Mergulhamos tão fundo em sua alma e imaginação, que o mundo externo desaparece. Como indica outra passagem: “Quando se olha o céu a partir da terra, sente-se que ele sintetiza todas as existências. O mesmo ocorre com o mar. Quando se contempla um oceano por dias a fio, começa-se a acreditar que só existe isso no mundo.“
Me deu certo orgulho, confesso, que um trecho importante, já no desenlace, tem exatamente a mesma premissa de um de meus contos, “O mestre de todos os paranauês“, em que mundo e personagem se entrelaçam num universo de múltiplas possibilidades. Narra Murakami, em um diálogo: “Em outras palavras, não é um mundo fixo e completo. Ele alcança a completude enquanto se movimenta. (…) Aqui é um mundo de possibilidades. Ao mesmo tempo, existe tudo e nada.” Na minha história, escrita bem antes desta leitura, o protagonista, Gleidinho, se vê numa enrascada num contexto parecido: “Aquele era justamente o lugar de tudo que não era, e eu só conhecia as coisas que eram, as coisas que estavam no meu mundo (…)… é isso!“.

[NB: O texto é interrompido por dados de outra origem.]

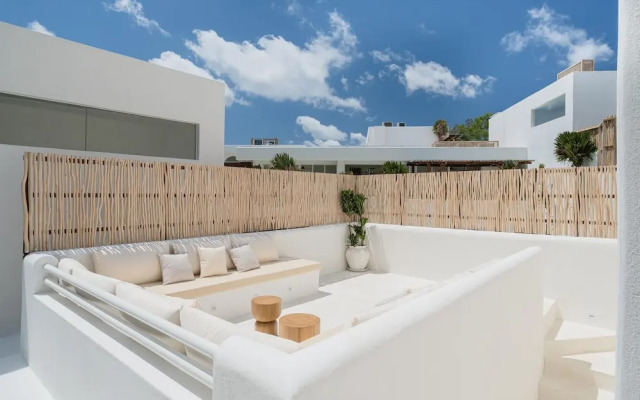 Mazari Luxury Villas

Nessa viagem entre mundo real e universo imaginário, Murakami nos provoca a descobrir os mundos murados que construímos em nossas vidas e nossas mentes. A refletir sobre o que (e quem) cabe em nossas visões fechadas de mundo. A pensar que viagens podemos fazer do corpo pra fora e do corpo pra dentro. Nossa mente é um universo. Tão óbvio. Tão simples. Tão Murakami.
Não me arrisco a fazer um TOP 5 do autor, mas este livro certamente está entre os preferidos. Nem todas as pontas se fecham, mas já me acostumei com isso. As personagens são humanas, profundas e transantes (as pessoas transam muito no mundo de Murakami). A cada livro dele fico com mais vontade de conhecer o Japão e me agrada que ele tenha flertado com SciFi/ FC, ainda que a seu modo.